В квадрате одного из окон появляется засыпанная веснушками мальчишечья мордочка, над которой торчит колючий хохолок черных волос. Мордочка показывается и пропадает, потом снова возникает уже в следующем окне, потом – еще дальше, еще дальше, мелькая, словно луна-рыба в аквариуме. Но вот она останавливается в углу крайнего окна. В ту же секунду неожиданно опускаются жалюзи, и сияющий квадрат аквариума исчезает. Одно, другое, третье, четвертое – все окна одно за другим гаснут, и последнее, что мелькает в каждом из них, – это гримаса мальчишечьей физиономии.
– Паолино! Все ставни закрыл?
Хотя утром Паолино надо рано вставать и идти в школу, мать каждый вечер берет его с собой, чтобы он помогал ей и приучался к труду. И именно к этому часу ему на веки начинает давить мягкое облако дремы. После темной улицы эти пустынные, залитые ослепительным светом комнаты словно оглушают его. Даже настольные лампы не погашены и склоняют над полированными крышками столов свои зеленые колпаки на длинных гибких шеях. Проходя по комнате, Паолино нажимает на кнопки выключателей и гасит лампы, чтобы смягчить этот нестерпимый блеск.

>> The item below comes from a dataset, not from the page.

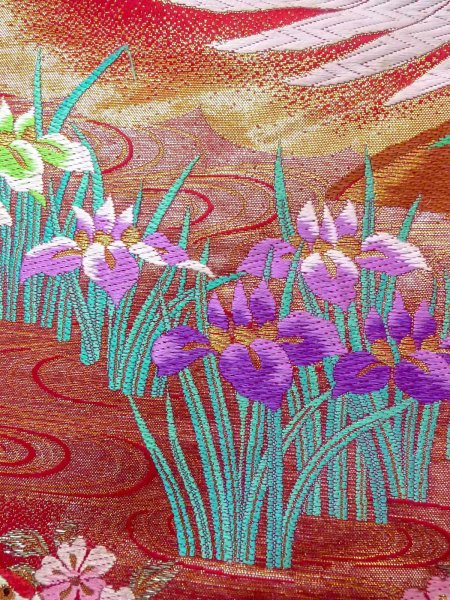 画像15: N1015Q 女性用打掛  シルク（正絹） 鮮やか赤色, あやめ 【中古】【USED】【リサイクル】 ★★★☆☆【N1015Q】 (15)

– Что ты делаешь? Нашел время баловаться! Помог бы мне лучше! Жалюзи закрыл?
Паолино резко дергает за шнурки. Жалюзи разворачиваются и одновременно соскальзывают вниз. И сразу все исчезает – ночная темнота за стеклами, и светлые ореолы вокруг фонарей, и озаренные мягким светом далекие окна домов на противоположной стороне проспекта, и нет больше другого мира, кроме этой набитой слепящими лампами коробки. Тарахтенье каждой развертывающейся ставни как будто будит Паолино, выводит его из оцепенения, но не совсем: так бывает, когда снится, что просыпаешься, а на самом деле, наоборот, проваливаешься в новый сон, еще более глубокий, чем прежде.